マルクト広場近くのレストランでディナーを終えた。お客さんたちは、涼しくなった旧市街をゆっくり歩きながらホテルにお帰りになった。夜の街の散策にお誘いしたが、昼間の暑さでお疲れのためか、四組のご夫婦はどなたもいらっしゃらない。
仕方ないから、一人で歩き始めた。というか、この時に限っては自分が歩きたいからお客さんに声をかけた。どなたもいらっしゃらないのいのは、計算通りであった。みなさん、昼間に一生懸命動かれていたしね。
でも、まだ夜の八時半過ぎ。八月の半ばのドイツの西の空はまだ赤い。
後方のマルクト広場を振り返る。この時間ならではに濃紺の空の中に中世の街並みが映えていた。これを楽しまずに帰るのはもったいない。
市庁舎も趣が出てくる。かつて神聖ローマ皇帝から権利を買い、帝国自由都市として認められた時に建てられた市庁舎は、この街の自治の象徴。
この時期は、夜遅くまで仕掛け時計で「ヌッシュ市長の一気飲み」を楽しむことができる。
夜の灯りで街の雰囲気が変わる
正面に見える大きな建物は聖ヤコブ教会。
面白いことに、教会の下の部分の吹き抜けが公道になっている。狭い街で大きな建築物を作る時、このような構造になったらしい。この前紹介した「聖血の祭壇」は、この吹き抜けの上にある。

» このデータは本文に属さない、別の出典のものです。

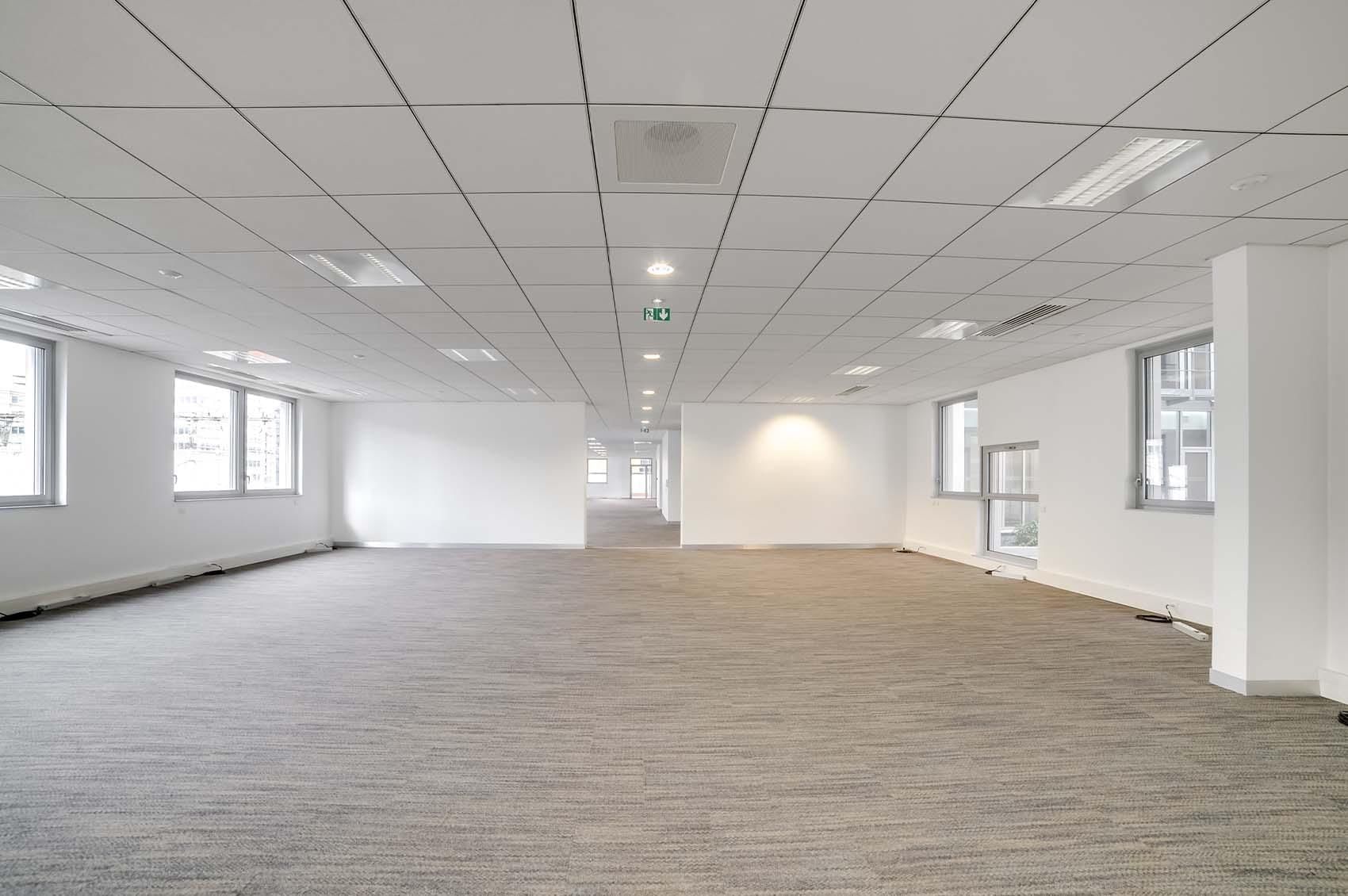 Hiptown Lyon Equinox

教会をこの角度から見る機会は、一般のツアーではあまりない。吹き抜けを反対側に抜けると、マルクト広場がすぐだ。ちなみに撮影場所のすぐ背後には、ルーブルという、街で唯一の日本食レストランがある。
そのマルクト広場に戻ってきた時、あるカフェバーのドアが開いた。黒い衣装に身を包んだ彼は、店の壁に寄りかかって、グラスに入ったワインを口に運んだ。思わず声をかけた。
「夜警団の方ですよね?」
中世から近世にかけて実在したローテンブルクの夜警団。この制服に身を包んで、六つに分けられた街を、夜間に交替で回っていた。かつて、この街の治安を守っていた彼らは、現在は夜の街の観光案内をしている。八時からは英語、九時半からはドイツ語でのツアーだそうだ。

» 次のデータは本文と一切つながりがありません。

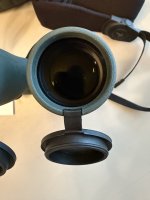 IMG_7037.jpeg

一度だけ夜警団のツアーに参加したことがある。ツアーの夕食後、マルクト広場に出向き、料金を払って参加した。日本のツアーでは、ローテンブルクではガイドがつかない。経験不足だった自分のスキルを上げるための試みだった。真面目だったなあ。あの時のガイドは、今でも役に立っている。
当時は、彼の呼びかけにこたえ、その場でお金を払えば参加させてもらえた。たぶん5ユーロくらいだったかな。今のシステムは知らない。

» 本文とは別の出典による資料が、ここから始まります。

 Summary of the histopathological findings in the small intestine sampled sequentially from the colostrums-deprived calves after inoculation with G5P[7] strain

「また参加してください。よかったら、あなたもやりませんか?」
「ぜひ。」
と軽い冗談を交えた立ち話を終えて、広場を後にした。暗くなってきた。そろそろホテルに帰ろう。
こういう時の記憶って、とても大切で、次の添乗に生きることがある。一回夜に歩いただけの道を、「僕のお気に入りの散歩道」として案内することがあるのは内緒。
こんな美しい夜のローテンブルクを全く見ずに終わってしまうのは、もったいないと思う。